Re: [squid-users] squid 3.x expected max throughput

From: Amos Jeffries <>
Date: Thu, 11 Apr 2013 23:13:56 +1200

On 11/04/2013 10:48 p.m., Youssef Ghorbal wrote:
> On Apr 11, 2013, at 12:13 PM, Amos Jeffries <> wrote:
>> On 11/04/2013 12:23 a.m., Youssef Ghorbal wrote:
>>> I was aware of that page.
>>> As you said, it's often RPS so it's not relevant for me.
>> It is more relevant than you seem to think. Squid processing overheads are tied tightly to the request parsing and ACL testing processes. These are relatively fixed overheads for each request regardless of the request size.
> Thank you for the explanation. It confirms what I was expecting myself.
> What I meant, is that in my case I have ONE big object (the infamous >1G file) and 1 client and I want to know what to expect on the troughput point of view.
> As kinkie said, in my scenario, Squid is basically a network pipe. the overhead (ACL parsing etc is done one time)
> Maybe, the question here is how does Squid handle data buffers, or at which rate does it perform server reads on the one side and to client writes on the other.

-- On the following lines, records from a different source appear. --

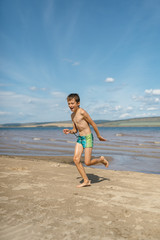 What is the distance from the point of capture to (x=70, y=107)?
484 cm

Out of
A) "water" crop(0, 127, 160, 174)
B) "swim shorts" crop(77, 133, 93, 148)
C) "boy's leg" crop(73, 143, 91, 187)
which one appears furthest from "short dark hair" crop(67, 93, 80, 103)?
"water" crop(0, 127, 160, 174)

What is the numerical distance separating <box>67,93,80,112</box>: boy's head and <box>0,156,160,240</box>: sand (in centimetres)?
191

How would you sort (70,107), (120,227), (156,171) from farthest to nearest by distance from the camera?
(156,171) → (70,107) → (120,227)

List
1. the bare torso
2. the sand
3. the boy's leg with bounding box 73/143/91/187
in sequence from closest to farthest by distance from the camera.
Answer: the sand < the boy's leg with bounding box 73/143/91/187 < the bare torso

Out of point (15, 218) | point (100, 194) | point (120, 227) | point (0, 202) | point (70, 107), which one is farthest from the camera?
point (70, 107)

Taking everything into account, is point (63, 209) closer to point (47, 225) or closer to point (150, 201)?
point (47, 225)

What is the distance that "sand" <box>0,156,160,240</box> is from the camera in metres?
2.48

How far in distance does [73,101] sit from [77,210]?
2.49 metres

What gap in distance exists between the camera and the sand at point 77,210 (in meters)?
2.48

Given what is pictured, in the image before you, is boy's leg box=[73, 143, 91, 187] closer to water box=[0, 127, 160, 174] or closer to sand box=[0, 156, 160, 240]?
sand box=[0, 156, 160, 240]

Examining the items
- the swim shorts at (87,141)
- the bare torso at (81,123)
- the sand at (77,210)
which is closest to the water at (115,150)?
the sand at (77,210)

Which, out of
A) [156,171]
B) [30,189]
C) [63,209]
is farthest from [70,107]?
[156,171]

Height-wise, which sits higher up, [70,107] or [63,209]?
[70,107]

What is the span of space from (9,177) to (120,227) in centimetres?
377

Well, in absence of any other loading it would be one read per packet
just like you (or was it someone earlier) are seeing. With an internal
event call passing the buffered data through Squid to write the same
amount on the output. The "select" loop speed varies with a maximum loop
time held around 10ms and decreasing if packets arrive faster.

You will have to try to follow the code to understand the buffers
unfortunately. I'm still learning thet part myself. For CONNECT requests
its easy, the input buffer is the output buffer - one fread() causes
fwrite() on the same buffer. For other requests is varies as Store
systems are also involved which may (or may not) cause a file I/O to
occur in the middle or a bufffer copy (I'm not sure here).

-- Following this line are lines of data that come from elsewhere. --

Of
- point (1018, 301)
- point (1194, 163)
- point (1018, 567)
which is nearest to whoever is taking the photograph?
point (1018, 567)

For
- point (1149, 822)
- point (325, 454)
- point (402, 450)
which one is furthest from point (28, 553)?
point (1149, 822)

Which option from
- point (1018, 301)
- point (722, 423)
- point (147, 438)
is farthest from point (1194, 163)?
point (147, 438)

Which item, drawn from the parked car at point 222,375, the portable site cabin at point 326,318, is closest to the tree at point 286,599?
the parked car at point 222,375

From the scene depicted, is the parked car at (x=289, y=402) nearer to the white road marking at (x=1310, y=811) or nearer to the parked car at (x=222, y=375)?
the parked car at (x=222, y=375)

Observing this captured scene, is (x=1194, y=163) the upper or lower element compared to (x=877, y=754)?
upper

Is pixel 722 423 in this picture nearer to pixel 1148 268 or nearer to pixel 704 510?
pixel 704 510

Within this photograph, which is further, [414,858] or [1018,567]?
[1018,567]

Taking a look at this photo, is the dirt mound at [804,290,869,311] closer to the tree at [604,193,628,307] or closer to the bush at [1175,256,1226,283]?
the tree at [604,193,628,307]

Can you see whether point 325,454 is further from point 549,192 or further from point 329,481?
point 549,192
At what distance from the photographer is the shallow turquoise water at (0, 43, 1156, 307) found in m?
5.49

>> IIRC the 50Mbps traffic was on average HTTP request traffic objects in a medium sized ISP - we do not have any good detaisl on what that average was though. With very little extra overheads the same proxy on same hardware might also reach 100Mbps. All that is required is the avg object size to go from, for example, 16KB to 32KB which are both within the bounds of "average HTTP traffic" sizes (11-63KB).